═════ Data for this exercise

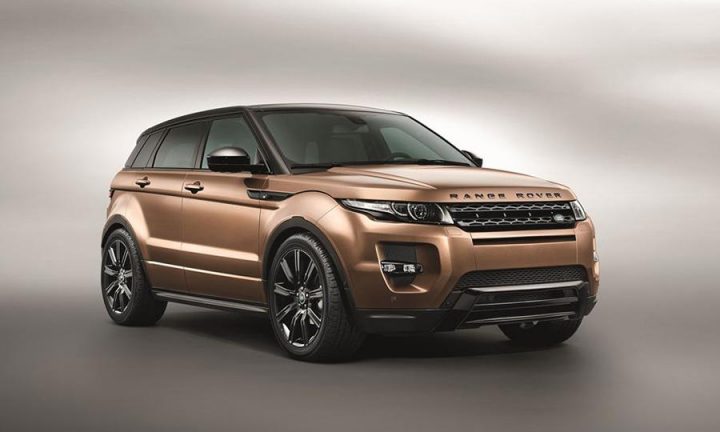 2014 range rover evoque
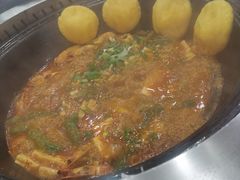 -田家大院东北农家菜铁锅炖(西安总店)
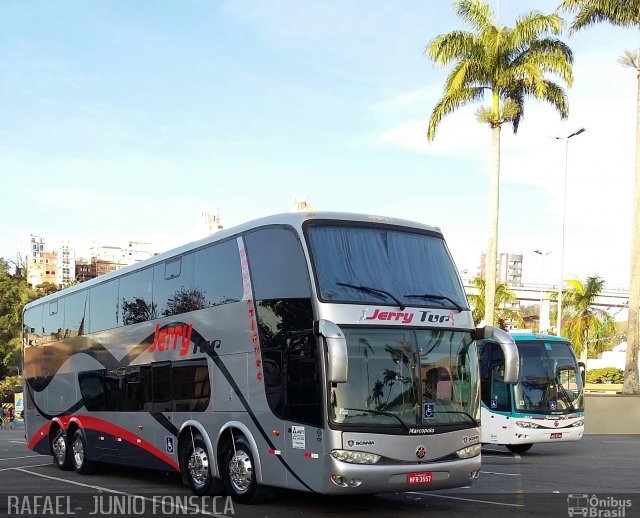Jerry Tur 3557 na cidade de Aparecida, São Paulo, Brasil, por RAFAEL  JUNIO FONSECA. Número da foto: #4253921.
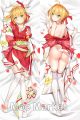 Fate Grand Order Saber Nero Dakimakura Hugging Pillow Cover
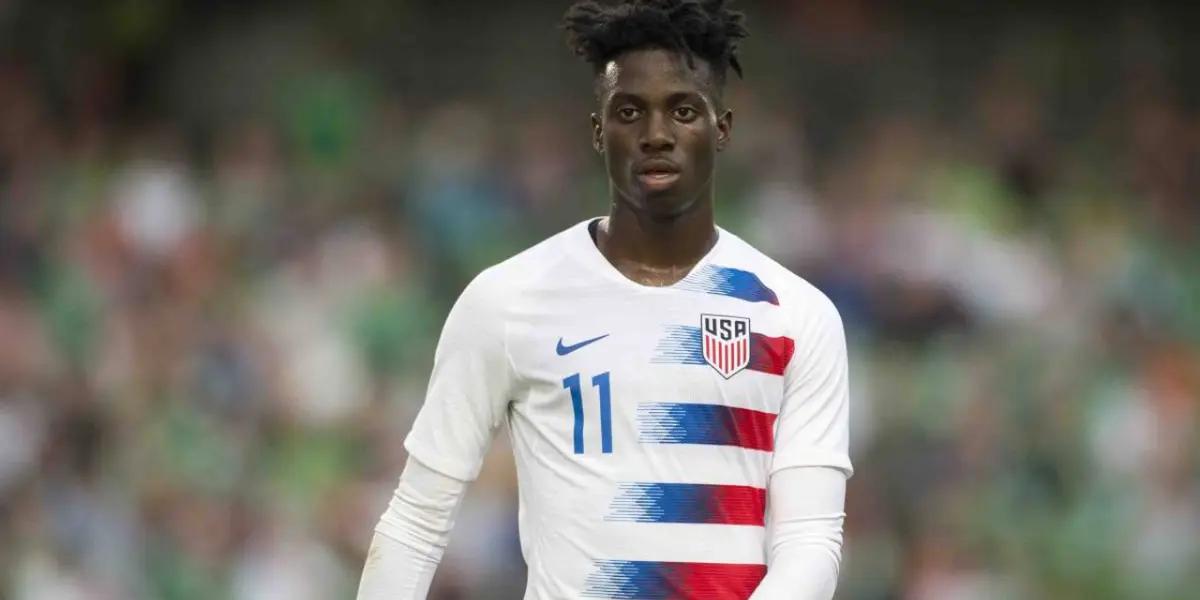 Alarm bells are ringing for the Stars and Stripes as they are missing one of their most important players.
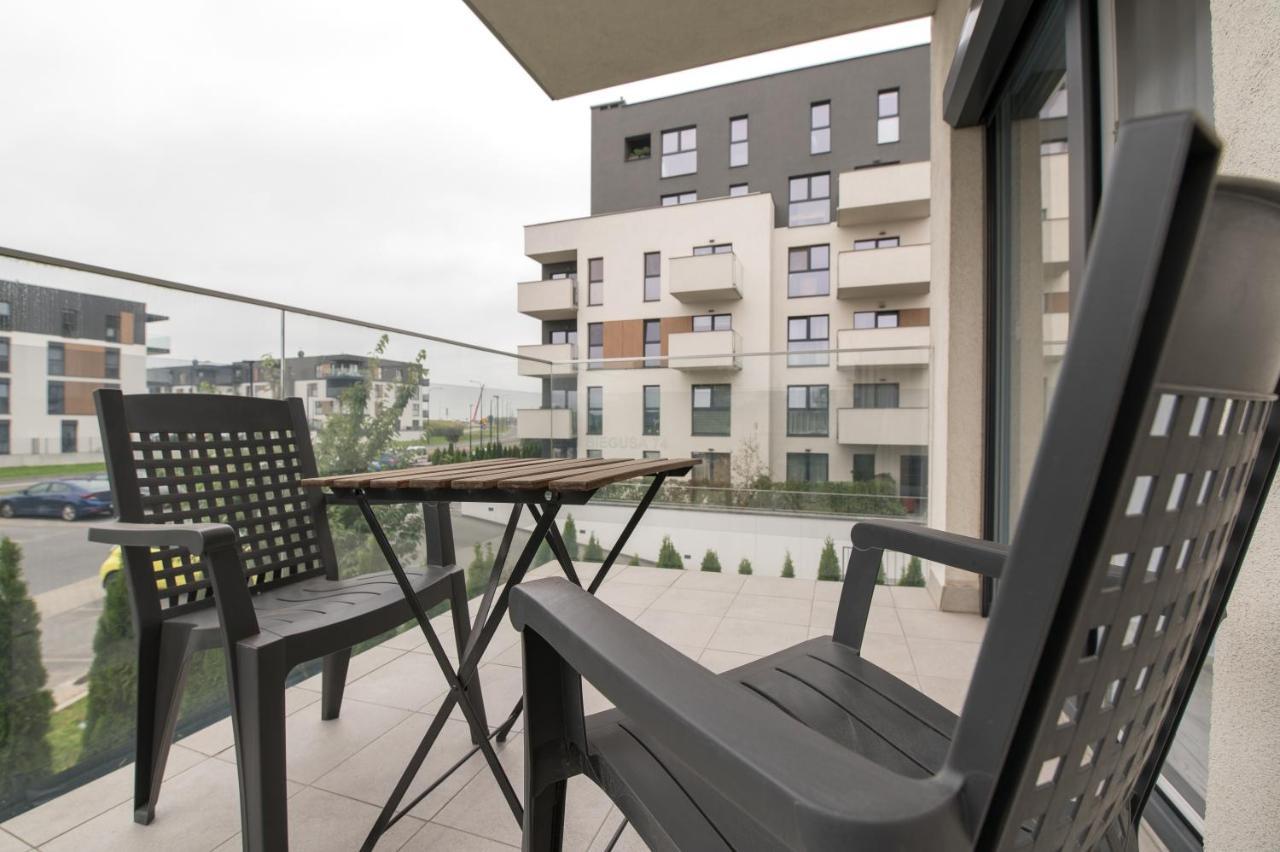 Apartament Biegusa Gliwice Luaran gambar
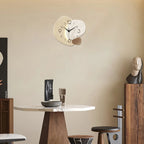 Viora Modern Wall Clock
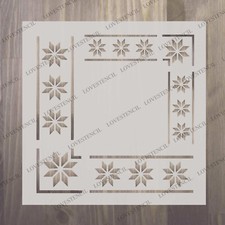 Border & Corner stencils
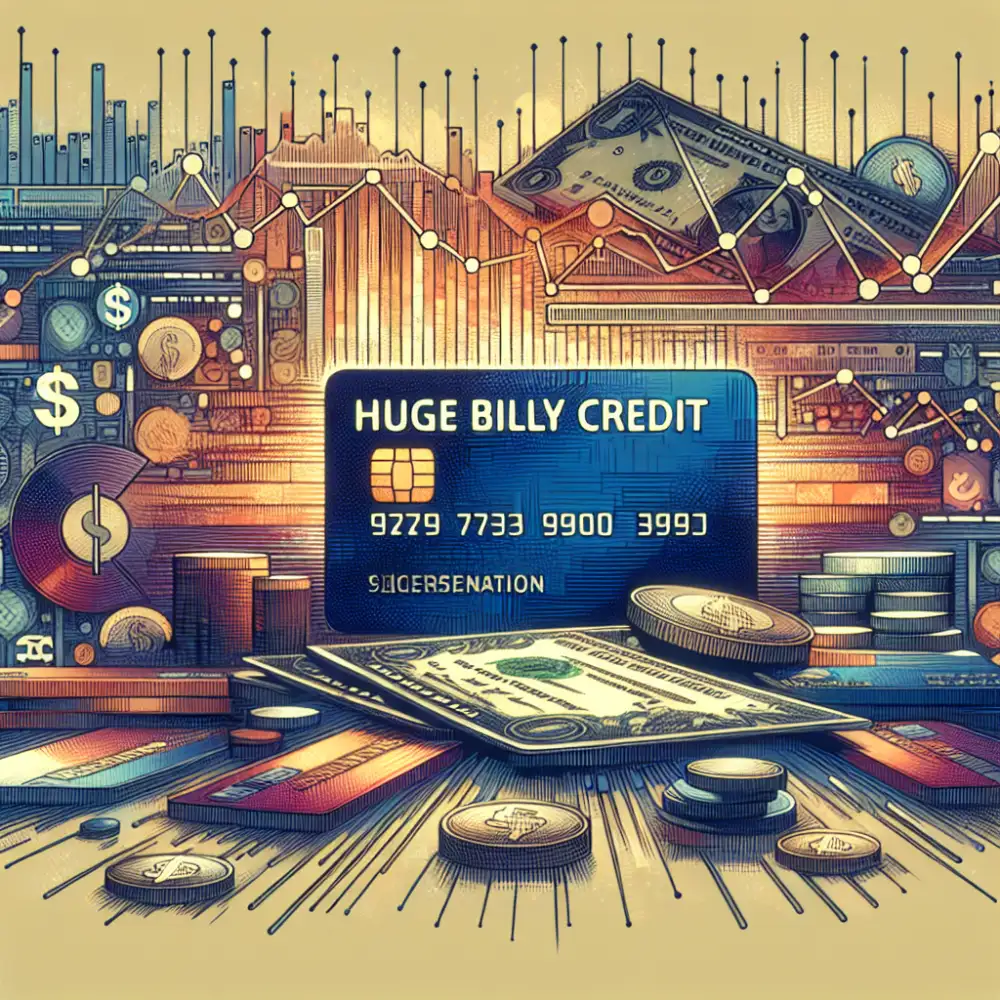 huge billy credit.com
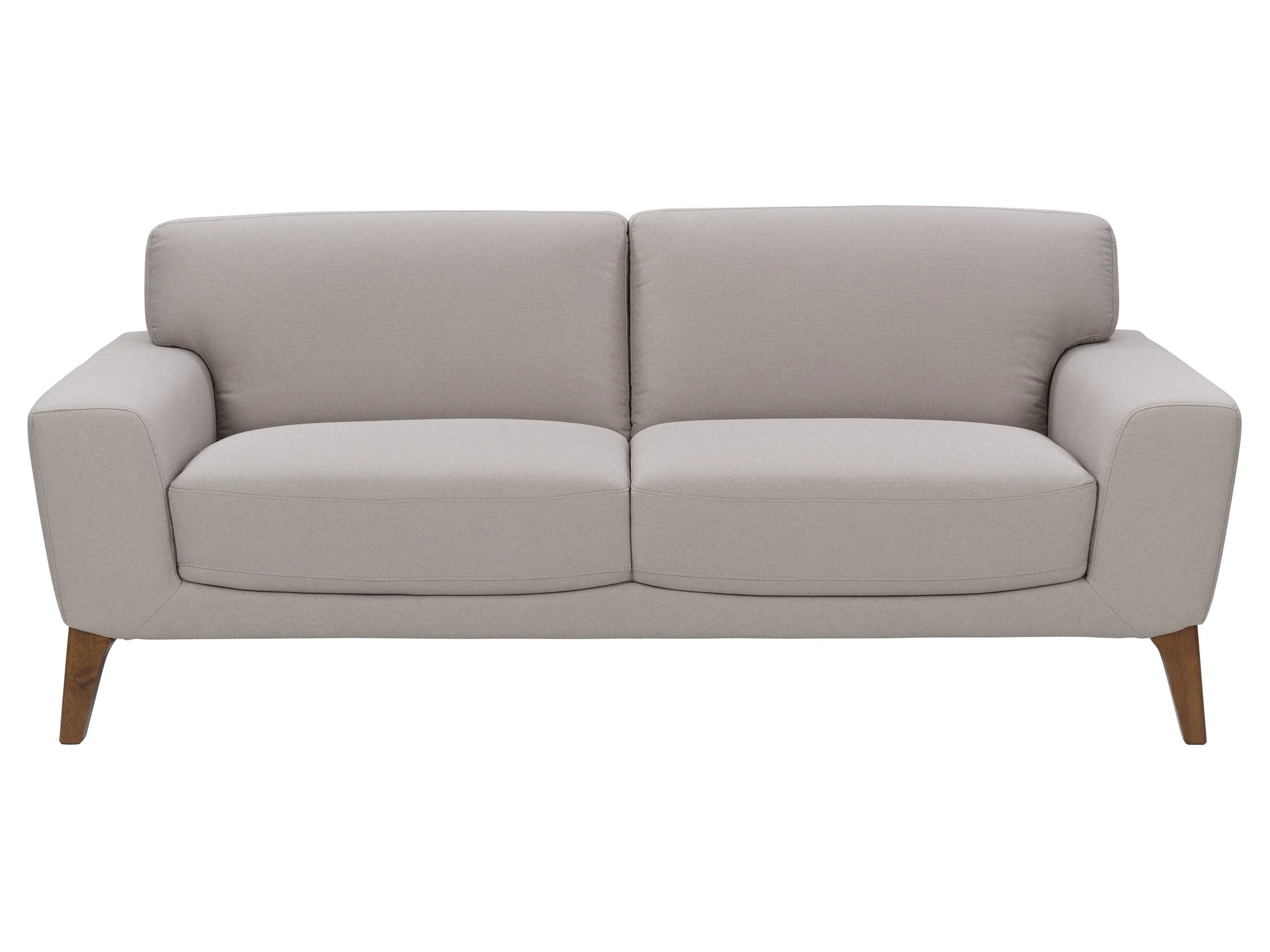 Light Grey 3 Seater Sofa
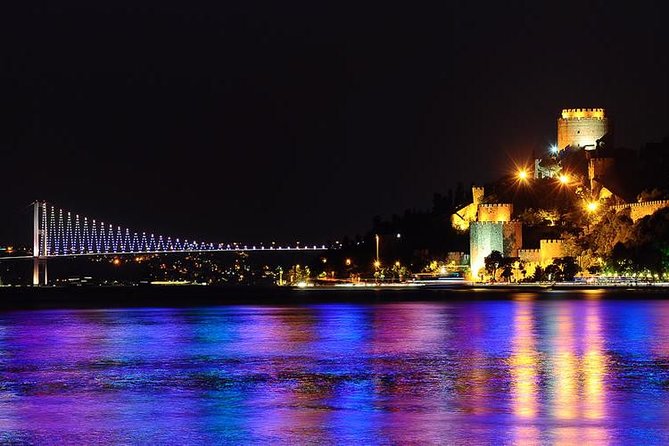 Istanbul Bosphorus Dinner Cruise and Turkish Night Show with DJ - Belly Dancing and Whirling Dervishes: What You Actually Get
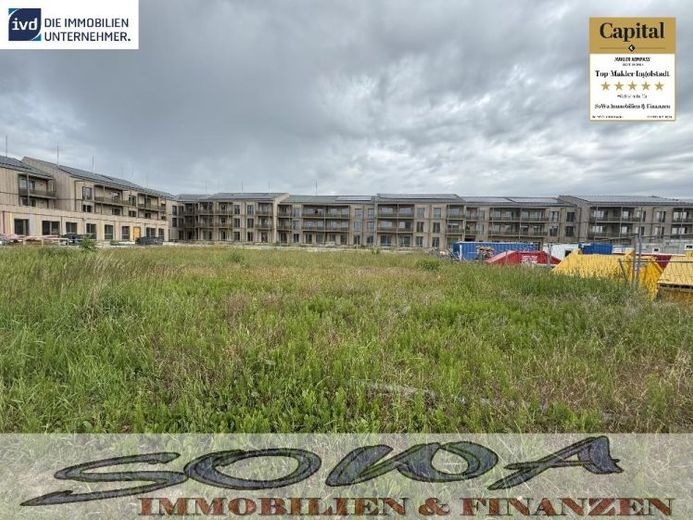 Neues Wohnbaugebiet! Platz für Ihr Immobilienprojekt - Mehrfamilienhaus Bebauung - Neuburg - Heinrichsheim - Ein Objekt von SOWA Immobilien & Finanzen Ihrem Immobilienprofi vor Ort – Foto 1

══════════

## Task goal
Would you please print only the lines running from the one with "Istanbul Bosphorus Dinner" to the final line of the entries above, exactly as written and without pictures?

## Response
 Istanbul Bosphorus Dinner Cruise and Turkish Night Show with DJ - Belly Dancing and Whirling Dervishes: What You Actually Get
 Neues Wohnbaugebiet! Platz für Ihr Immobilienprojekt - Mehrfamilienhaus Bebauung - Neuburg - Heinrichsheim - Ein Objekt von SOWA Immobilien & Finanzen Ihrem Immobilienprofi vor Ort – Foto 1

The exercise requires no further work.